Aunque algunos antiguos utensilios fueron reemplazados por herramientas más contemporáneas, el amor por su oficio se mantiene intacto, transmitido de generación en generación.
Luego de la hora, el horno está listo para hornear las marraquetas. Con un último vistazo a la masa que reposa en los tableros, con tres quintales de harina listos para convertirse en obras maestras. Después de 15 minutos de reposo, el horno está listo.
Eduardo coloca dos caballetes al costado de la puerta del horno y encima lleva un tablero con los «rollitos» de masa. Alberto, que es el más experto, parte en dos una hoja de afeitar marca Astra.
Esta es la etapa más difícil, dice: Alberto que agarra la mitad de la hoja de afeitar. Mientras Alfredo carga sobre la pala los «rollitos» de masa. Enfilados los rollitos sobre la pala, Alberto con una agilidad en la mano empieza a hacer un corte en el medio de la masa.
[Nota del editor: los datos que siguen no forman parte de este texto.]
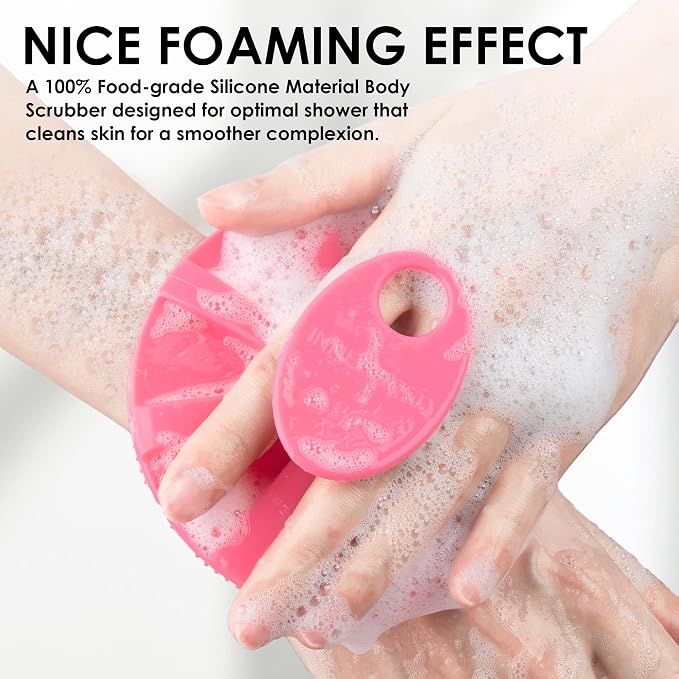 INNERNEED Food-Grade Soft Silicone Body Scrubber Shower Brush, Green+Pink | Handheld Cleansing Skin Brush, Gentle Exfoliating and Lather Well, Hygienic Bath Scrub for Women, Men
¡Listo!, indica e introduce la pala dentro del horno y con una destreza increíble vacía la masa. Así va acomodando la masa hasta llenar el horno. Después de unos 15 minutos abre la puerta del horno para ver si ya están cocidas y doradas.
«Vamos, hay que sacar», expresa Alberto y mete la pala vacía para sacar las marraquetas que al salir son depositadas en la canasta que está al pie de la puerta del horno. «Las marraquetas están doradas y crocantes, listas para disfrutarlas.
¿Cómo se hace para que revienten las marraquetas así?, es la pregunta. Alberto responde. El secreto es meter una olla con agua para que hierva adentro y el vapor es lo que hace reventar la parte que cortamos con la hoja de afeitar», comenta, mientras en su radio se escucha la canción: «Sé que Te Amo» de los Temerarios, grupo que acompañó a los dos panaderos en su jornada.
Eduardo y Alberto despiden la mañana brindando la promesa de un pan fresco que pronto acompañará las tardes de muchos. La marraqueta resuena como un símbolo de la cultura panadera, un vínculo de quienes, como Eduardo y Alberto, han hecho de este laborioso arte un legado. En cada bocado, se saborea no solo el esfuerzo y la dedicación, sino también una conexión profunda con una tradición que, a pesar de los cambios del mundo, sigue viva en las manos de aquellos que aman su trabajo.